What it was Really Like to Vote in my FIRST Presidential Election: The Social Media Extravaganza


     Honestly, this election was a social media nightmare. As people live their lives increasngly on online platforms, people are becoming more comfortable revealing their political affiliations to others through social media. This election has brought us some social issues and other sides of people that I hadn't cared to explore before. I now know which of my Facebook friends are racist, xenophobic, feminists, and anti-feminists. I know which friends are critical of the words people say and which are not. Needless to say, I am glad this election will shortly be over, but none the less hope that it goes my way.

     Social media has also played a role in otrs views of complex social issues that have been present since before women were even able to vote in elections. Less than 100 years ago, women could not vote. That is, white women coud not vote. The 19th Amendment did not extend the right to vote to women of color, unsurprisingly enough. Yes, it is amazing that just 96 years after the passage of the 19th Amendment we are able to vote for a white woman to be President. However, social media has become aware of this fact- that Hillary is white. The famous suffragettes were only lobbying for the right to vote for white women. I'm hoping to use these social media posts that I have seen on my own social media feeds that follow to further draw attention to the disparitites that existed long after women like me gained the legal right to vote, and how votes are still being effected by the racism, sexism, and xenophobia of a now mobilized white America.
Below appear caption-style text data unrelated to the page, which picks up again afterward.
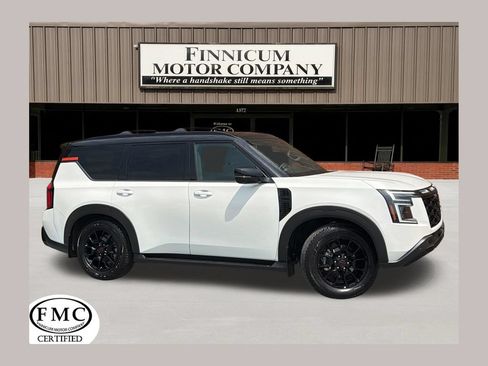 Used 2025 Nissan Armada PRO-4X AWD/4WD image 1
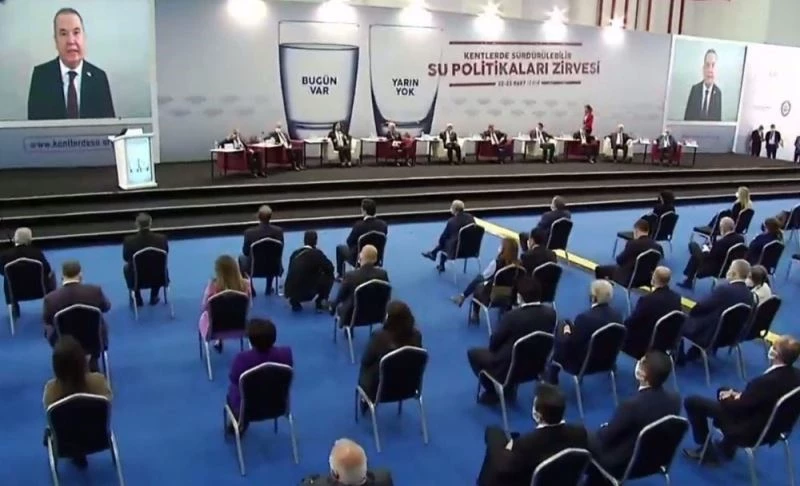 Başkan Böcek : “Tarihi sorumluluğumuzu yerine getirmek için hazırız”
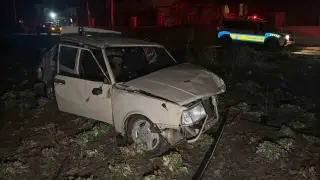 Polisin ’dur’ ihtarına uymayan otomobil tarlaya uçtu: 1 yaralı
Kayla, Facebook. California. Black.
"I will cut off this right arm of mine before I will ever work or demand the ballot for the Negro and not the woman." - Susan B. Anthony
Happy Election Day
@RedBeKnowing, Twitter. Louisiana. Black.
Any stickers left on the grave of Fanny Lou Hamer who addressed the 1964 DNC & was erased for her role in securing the vote for Blacks?
Nick F., Twitter. Arizona. White.
This is how it must feel to be facing a natural disaster: knowing you can't stop it and trying to keep up your spirits but you can't.
@K_A_DD, Twitter. White.
Trump will be on trial for child rape in December
Pence advocates for electro shock therapy on gays 
This is who you voted for 
@Amanditalks, Twitter. Black.
The elected officials of North Carolina SAID OUT LOUD THAT they were INTENTIONALLY suppressing the black vote, and look what happened. 

Happy Election Day, everybody.

Thursday, November 3, 2016

#HilaryforPrision: Why Trump Supporters are Being "Censored"
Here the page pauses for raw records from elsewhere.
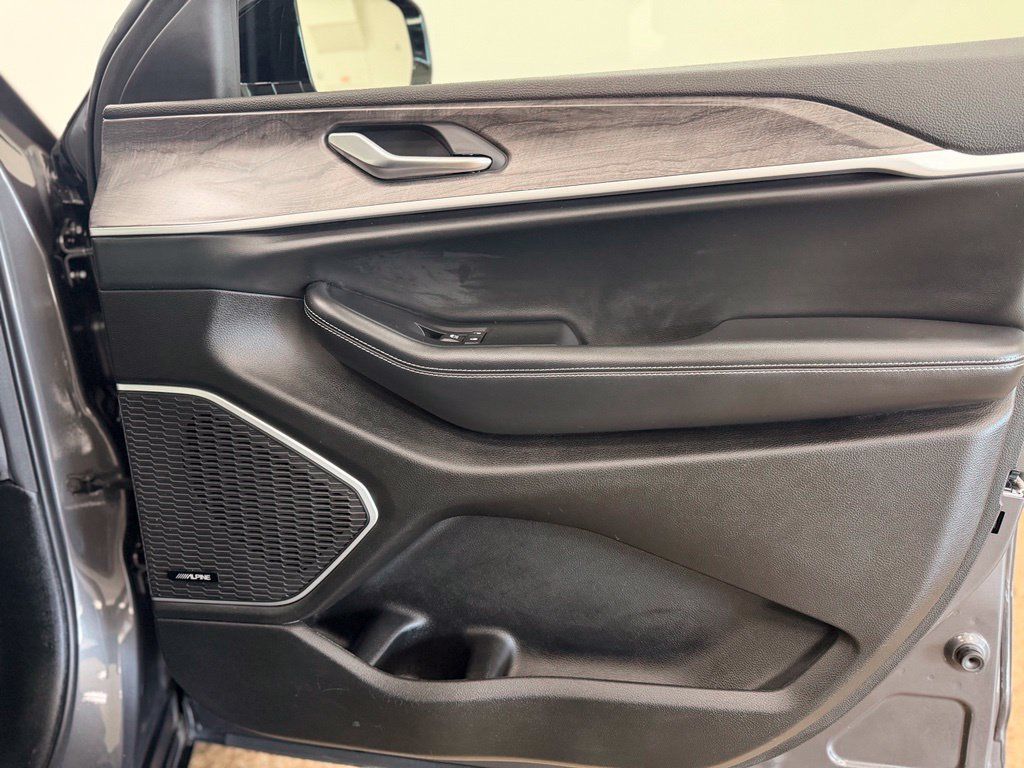 Used 2022 Jeep Grand Cherokee Limited AWD/4WD image 19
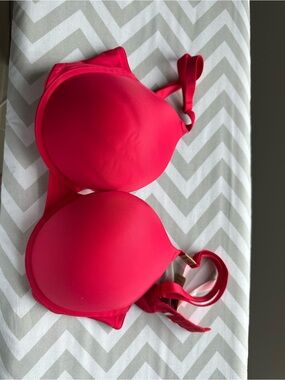 PINK Victoria's Secret Hot Pink Padded T-Shirt Bra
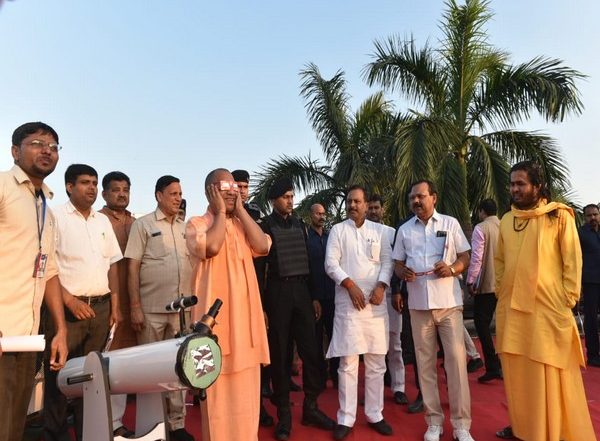 India News | UP CM Witnesses Partial Solar Eclipse with Telescopes, Special Glasses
It's really no question that Trump and his supporters are seen as racist and xenophobic, but also have egos similar to those of their chosen Presidential candidate. It may be the case, in the recent accusations for Twitter censoring Trump supporters' tweets, that Trump supporters are simply thinking they are more important than they actually are. Many are accusing Twitter of having blocks up on the traditional hashtag #HillaryforPrison, because they are trying to take attention away from Trump associated hashtags. Twitter, however, has had a longstanding reputation of shutting down potentially harmful political trends on its website. This threat to their perceived "free" racist, anti-feminist, and often xenophobic speech is what some may deem a favor. "Pro-Trump accusers came to the conclusion that Twitter was sabotaging the hashtag from trending when the F.B.I. surprisingly confirmed further investigations into Clinton’s controversial emails and did not see it have any effect in the Twittersphere," (Ojo-Medubi).



Others argue that Twitter is being partially governed by algorithms, and these hashtags are not trending because, simply, no one is really interested in what Trump supporters have to say anymore. Twitter has since denied to comment on this potential censorship, but instead has directed news sources to "a section of its FAQ that stresses: “Trends are determined by an algorithm and, by default, are tailored for you based on who you follow and your location,” (Lowe). In this case, the algorithm that is actually determining what individuals are seeing as trending may outline that Trump his supporters, and his opinions, are not as popular as these egoistic individuals may believe.